Model Card for POLLCHECK/RoBERTa-classifier

Model Description

This RoBERTa model has been fine-tuned for a binary classification task to determine whether statements are 0 OR "biased/ fake" or 1 OR "unbiased/ real". The model is based on the RoBERTa architecture, a robustly optimized BERT pretraining approach.

Intended Use

Primary Use: This model is intended for the classification of textual statements into two categories: biased and unbiased. It is suitable for analyzing news articles, editorials, and opinion pieces. Users: This model can be used by data scientists, journalists, content moderators, and social media platforms to detect bias in text.

Model Details

Architecture: The model uses the RoBERTa-base architecture. Training Data: The model was trained on a curated dataset comprising news articles, editorials, and opinion pieces labeled as biased or unbiased by domain experts.
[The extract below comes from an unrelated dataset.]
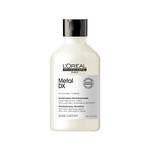 L'Oréal Professionnel Metal DX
Performance Metrics

Usage

import torch

model_name = "POLLCHECK/RoBERTa-classifier"
tokenizer = AutoTokenizer.from_pretrained(model_name)
model = AutoModelForSequenceClassification.from_pretrained(model_name)

texts = [
    "Religious Extremists Threaten Our Way of Life.",
    "Public Health Officials are working."
]
for text in texts:
    inputs = tokenizer(text, return_tensors="pt", truncation=True, padding=True)
    with torch.no_grad():
        outputs = model(**inputs)
        probabilities = torch.softmax(outputs.logits, dim=-1)
        predicted_label = "biased" if probabilities[0][0] > 0.5 else "unbiased"
        print(f"Text: {text}\nPredicted label: {predicted_label}")

Results

The following table presents the evaluation metrics for each class along with macro averages:

Class	Precision	Recall	F1-Score
Biased/ fake (0)	0.93	0.96	0.94
Unbiased/ real (1)	0.96	0.92	0.94
Macro Avg	0.94	0.94	0.94